Я спросил старуху: что такое этот странный иконостас? Она ответила — Троица.
В самом деле, в центре помещались трое: вырезанный из журнала (репродукция фрески) старик, закинувший голову вверх и сквозь плеши и царапины глянцевой бумаги светло улыбающийся, справа беременная баба, от стеснения закрывшая лицо руками, и слева молодой солдат на древней желтой фотографии. Отчего-то я решил, что этот солдат погиб, наверное, на то указывал его взгляд, неподвижный, стеклянный от грубой ретуши.
Неудивительно, что для хозяйки дома все это давно сошлось в икону, — вся ее восьмидесятилетняя жизнь сошлась в один светлый стежок времени (он же блик на стекле) и поместилась у глянцевого старика за пазухой.
При этом общее ощущение сосредоточенности, «закругления» времени более всего меня заинтересовало. Разные возрасты героев иконостаса только усиливали это впечатление. Явственно ощутимая сила сводила три времени в плотный свет, необходимое по сценарию триединство. Время укладывалось в рамки «Степной Троицы» столь компактно и ладно, что казалось, окружающая дом покатая земля обратным движением раздвигалась шире, распадаясь во все стороны от многонаселенного зеркала.
Кстати, эта степная протоикона немедленно совершила должное чудо: я просветлел разумом и, наконец, объяснил себе, зачем в Троицу приносят в церкви молодые березки и свежескошенную траву. (Здесь, в «травяном доме», она присутствовала во всех видах, лезла в щели сарая, свешивалась с потолка ароматными сушеными метелками, топорщилась вениками и проч.) Кстати, веники, коими в банях мы обмахиваемся весь год, заготавливаются именно на Троицу.
Зелень в храме символизирует присутствие в нем пейзажа: то, что вне храма, оказывается внутри. Лес и поле входят в храм. Необходимое сплочение всех времен тем самым счастливо достигается: настоящее, прошлое и будущее собираются в холм времени, светлое нагромождение жизни.
Сходятся пространство и природа, до этого дня между собой не особо сообщавшиеся.
Таково было соображение о церковной зелени, с каноническим толкованием напрямую не соотносимое.
Собственно говоря, это зеленое сочинение было естественным продолжением творческого подхода старухи к Троице. Подхода, приближения, постепенного причастия.
Наверное, движение ко всякому празднику неизбежно сопровождается необходимым количеством подобных самоустроений. И чем сложнее тема праздника, тем богаче и необыкновеннее становится такое наше творчество.

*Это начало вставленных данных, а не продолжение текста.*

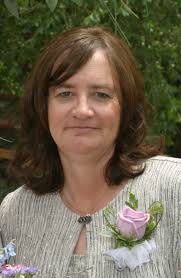 Carma Brewer Obituary March 26, 2021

Троица не составляет исключения. Более того, примеры самостоятельного «триединого» строительства (а их множество, и какие только персонажи не являются по сторонам треугольника Троицы, от героев гражданской войны до телевизионных дикторов) говорят о готовности именно в творчестве двигаться к целостному восприятию праздника и мира.
Сочинение (здесь — заглядывание в будущее) становится необходимым участником картины, на которой все времена непротиворечиво сливаются. Будущее на степной «иконе» представлял спрятанный под платьем у девы Младенец — невидимый, он игрушечным образом являл исходное дуновение Духа. Солдат замыкал течение времен своим строго начерченным взглядом.
Старик баюкал на груди отражение старухи — живой; наступало лето.